■ **The task**
Once you reach the line with "Watch Doctors Pull" below, copy each line exactly, stopping after the line with "Tooth Extraction", and skip any pictures.

*** The records ***

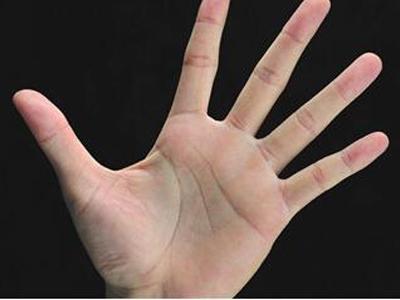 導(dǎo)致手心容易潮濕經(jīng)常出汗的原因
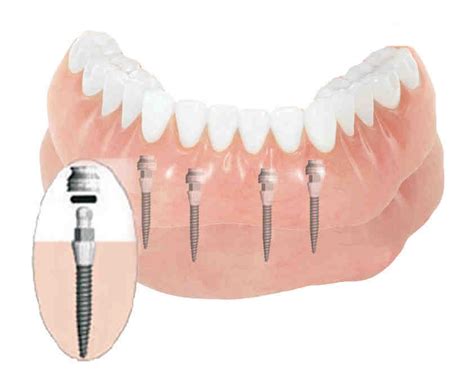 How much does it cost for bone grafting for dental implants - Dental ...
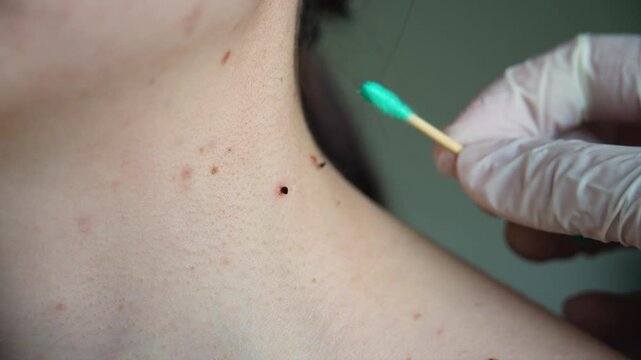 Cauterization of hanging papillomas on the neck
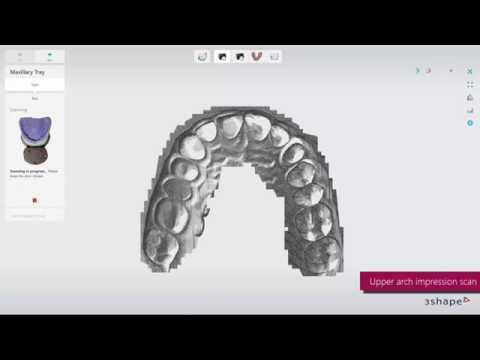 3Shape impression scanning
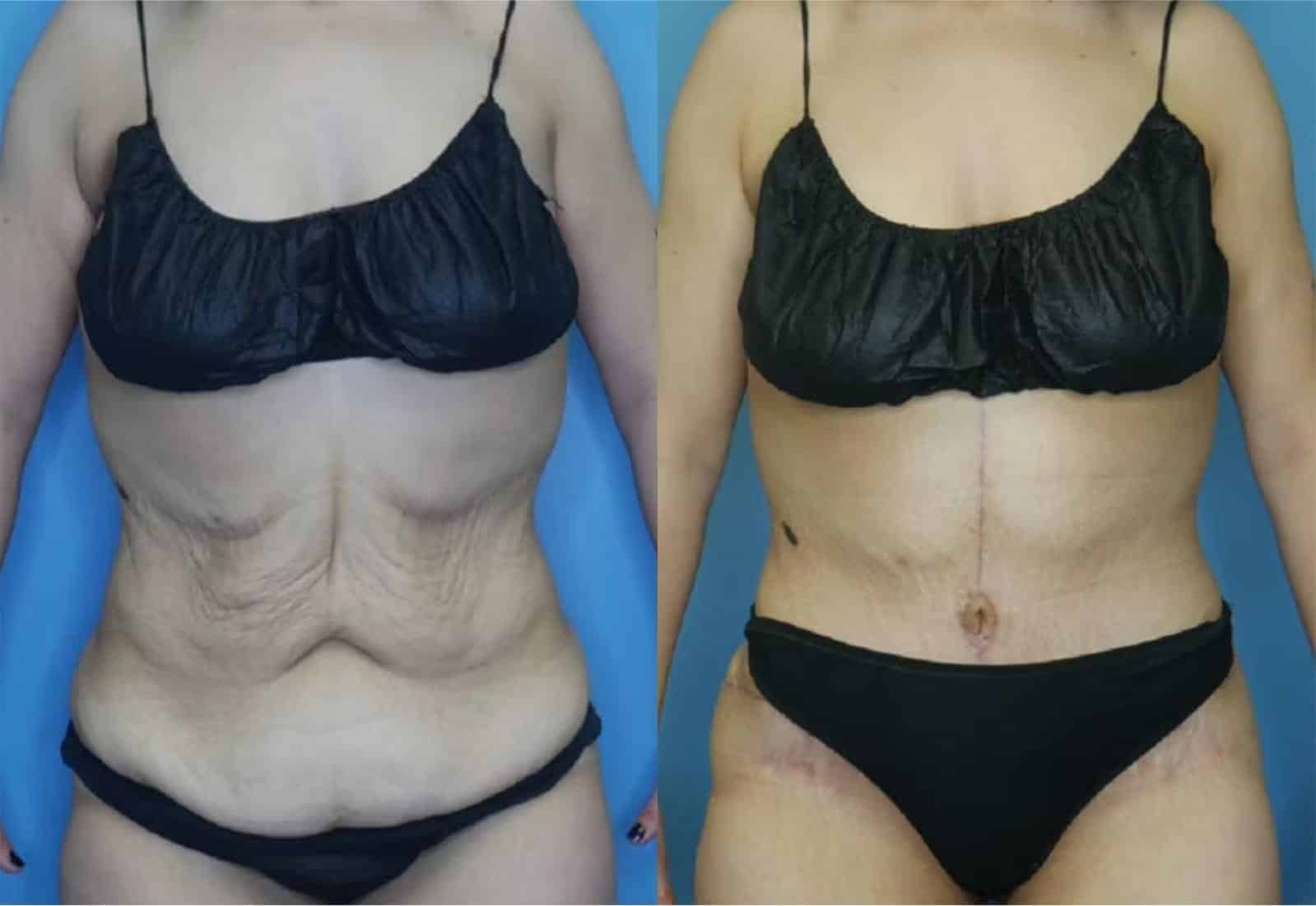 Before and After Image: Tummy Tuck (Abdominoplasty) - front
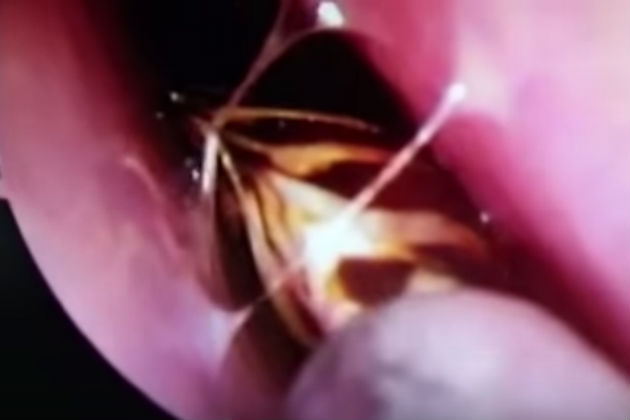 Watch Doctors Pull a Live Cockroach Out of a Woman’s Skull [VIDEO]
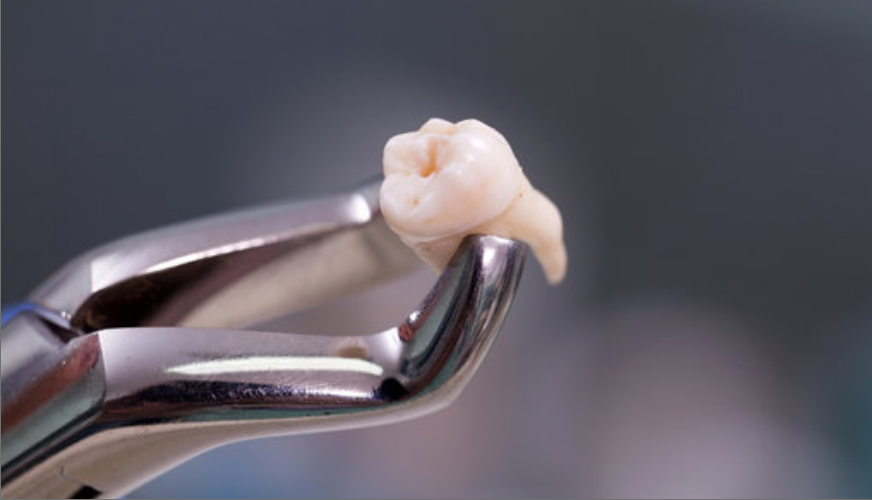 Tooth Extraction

*** End of The records ***
*** The records ***

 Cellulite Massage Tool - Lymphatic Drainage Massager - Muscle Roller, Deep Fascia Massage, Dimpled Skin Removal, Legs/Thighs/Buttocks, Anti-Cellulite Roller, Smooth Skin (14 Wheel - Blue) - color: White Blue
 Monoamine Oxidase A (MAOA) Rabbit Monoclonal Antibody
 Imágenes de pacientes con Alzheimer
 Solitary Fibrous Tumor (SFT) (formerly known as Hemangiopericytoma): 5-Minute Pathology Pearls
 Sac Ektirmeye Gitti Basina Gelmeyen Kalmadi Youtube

*** End of The records ***
*** The records ***

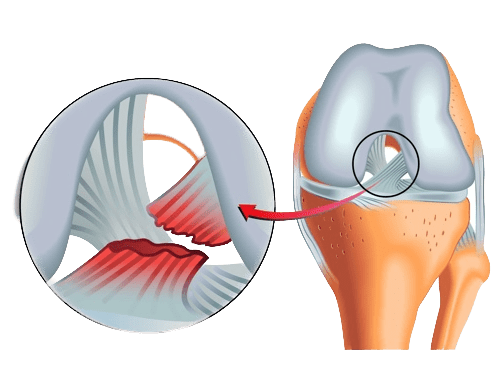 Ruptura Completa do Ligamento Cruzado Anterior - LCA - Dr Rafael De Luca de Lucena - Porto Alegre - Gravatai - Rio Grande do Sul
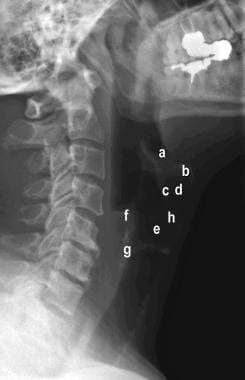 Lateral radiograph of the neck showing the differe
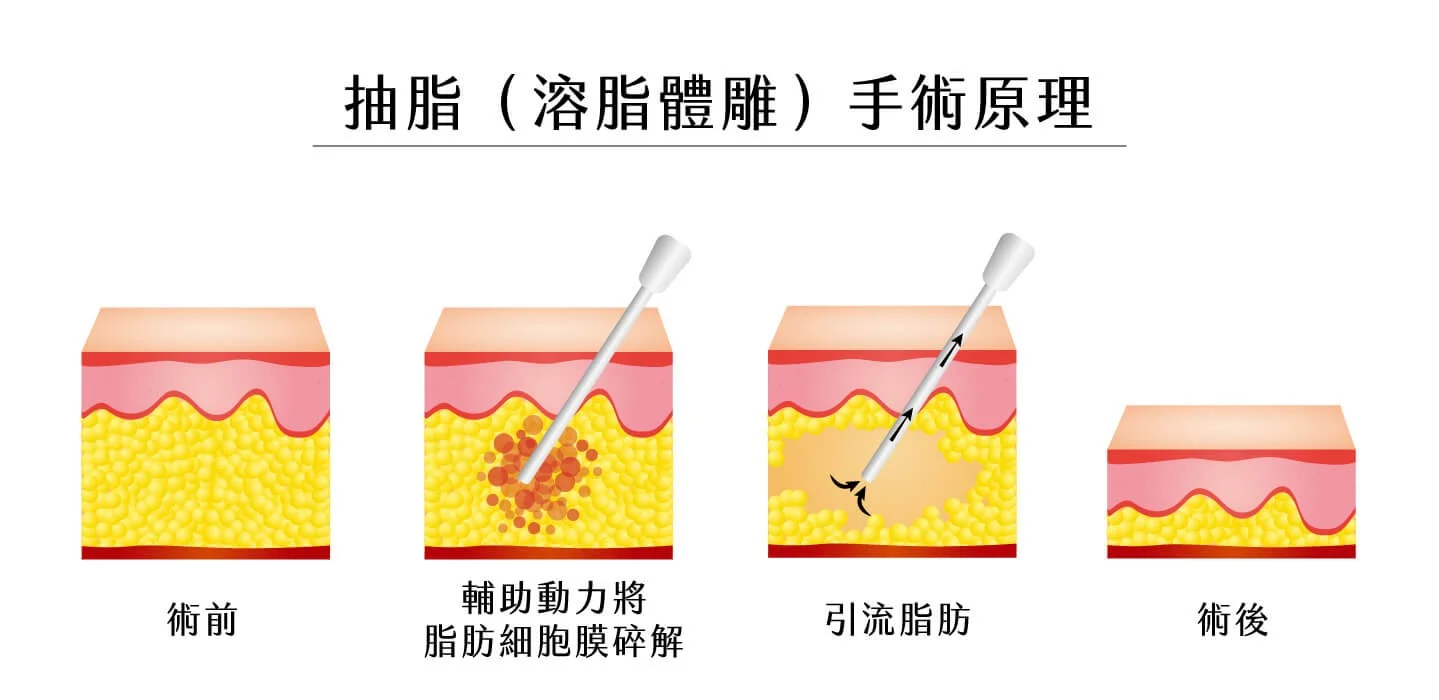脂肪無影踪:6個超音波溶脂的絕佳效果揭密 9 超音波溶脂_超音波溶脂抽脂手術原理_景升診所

*** End of The records ***

■ **Task solution**
 Watch Doctors Pull a Live Cockroach Out of a Woman’s Skull [VIDEO]
 Tooth Extraction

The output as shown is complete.